■ REQUIRED ACTION:
Before you return the lines below, strip out any images and keep every word as written.

■ SOURCE DATA:
|---|

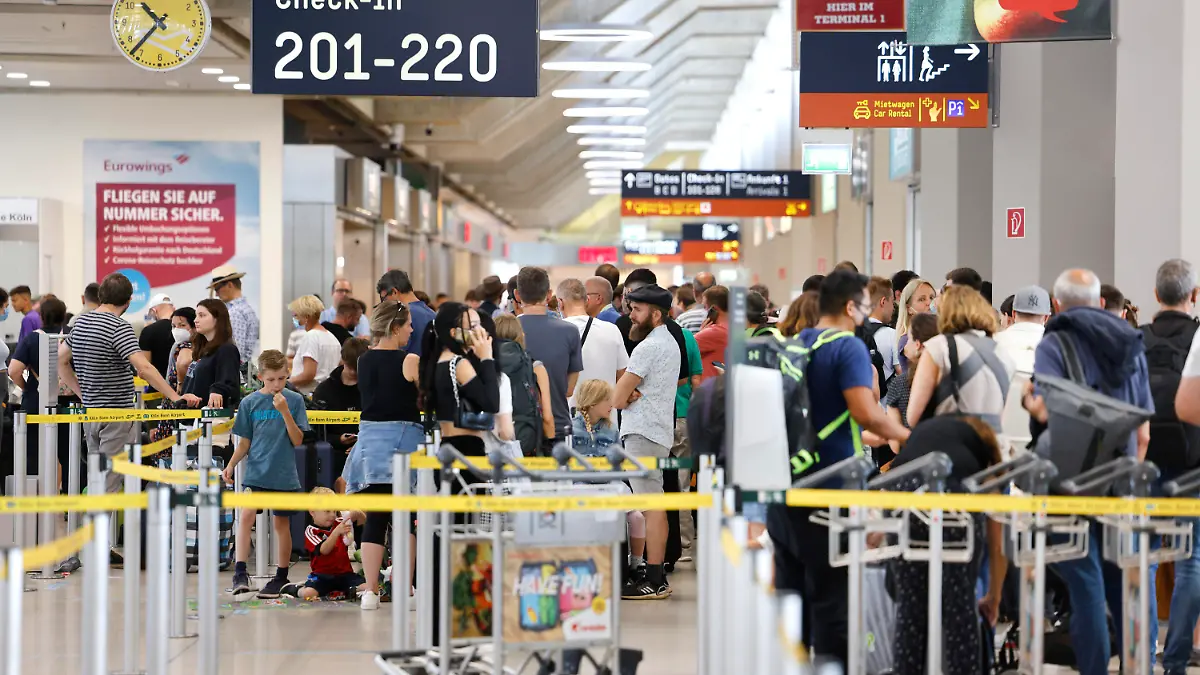 ARCHIV - 25.06.2022, Nordrhein-Westfalen, Köln: Passagiere stehen am Samstag Vormittag in einer Schlange von mehreren hundert Metern für die Sicherheitskontrolle am Flughafen Köln Bonn an. Zur Bewältigung des Abfertigungschaos im Luftverkehr wollen die deutschen Flughäfen und ihre Bodendienstleister tausende ausländische Aushilfen direkt anstellen. (zu dpa «Flughäfen und Dienstleister wollen Aushilfen direkt anstellen») Foto: Thomas Banneyer/dpa +++ dpa-Bildfunk +++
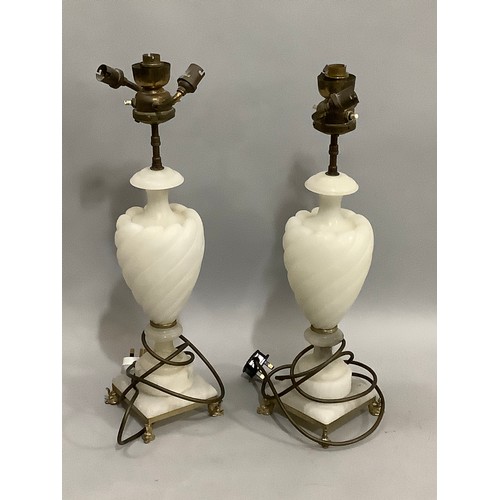 114B - A pair of white alabaster lamps, with twin light sconces, the bodies of wrythen baluster from on squ... 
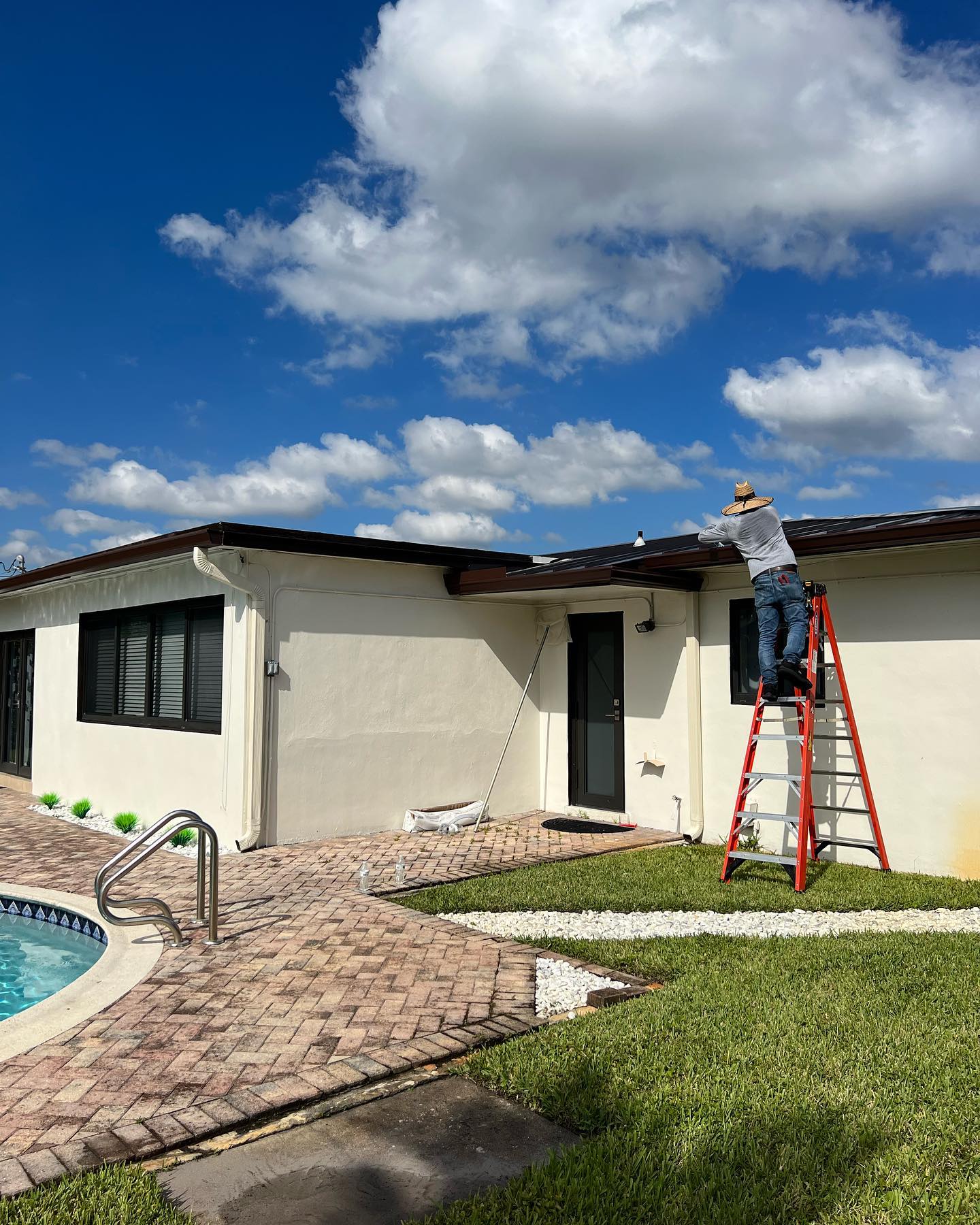 Worker on a ladder installing gutter along a single-story home beside a pool.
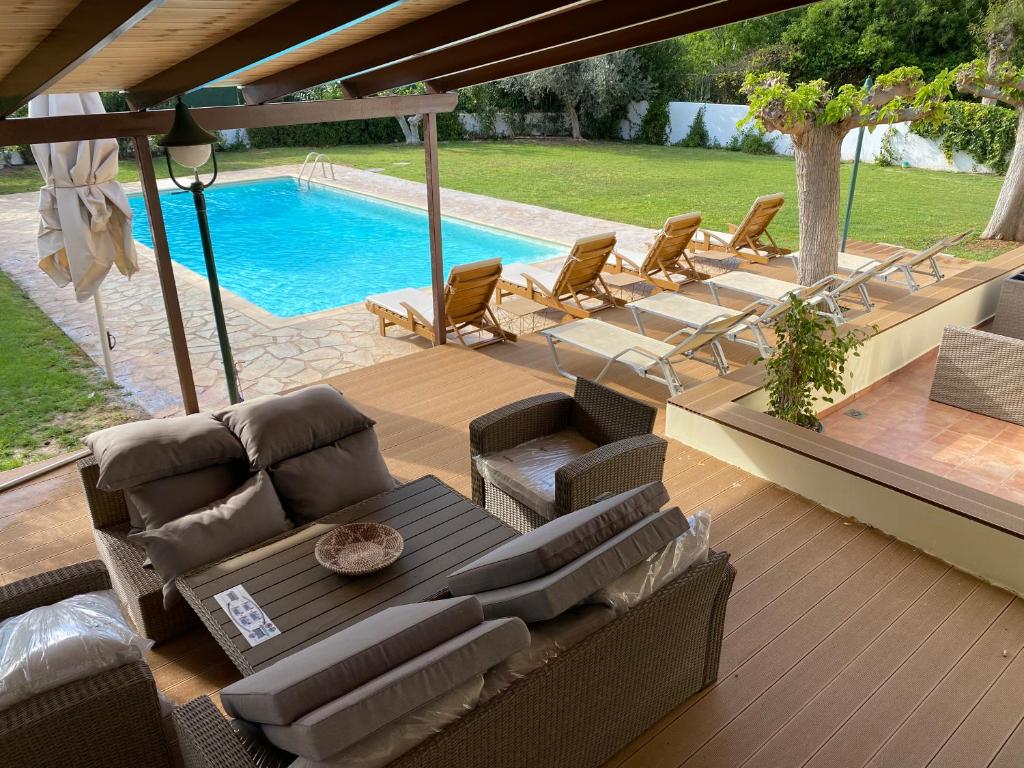 un patio con sofás y una piscina en Relaxing Villa with Swimming Pool and Garden, en Áyios Yeóryios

|---|

■ TASK OUTPUT:
 ARCHIV - 25.06.2022, Nordrhein-Westfalen, Köln: Passagiere stehen am Samstag Vormittag in einer Schlange von mehreren hundert Metern für die Sicherheitskontrolle am Flughafen Köln Bonn an. Zur Bewältigung des Abfertigungschaos im Luftverkehr wollen die deutschen Flughäfen und ihre Bodendienstleister tausende ausländische Aushilfen direkt anstellen. (zu dpa «Flughäfen und Dienstleister wollen Aushilfen direkt anstellen») Foto: Thomas Banneyer/dpa +++ dpa-Bildfunk +++
 114B - A pair of white alabaster lamps, with twin light sconces, the bodies of wrythen baluster from on squ... 
 Worker on a ladder installing gutter along a single-story home beside a pool.
 un patio con sofás y una piscina en Relaxing Villa with Swimming Pool and Garden, en Áyios Yeóryios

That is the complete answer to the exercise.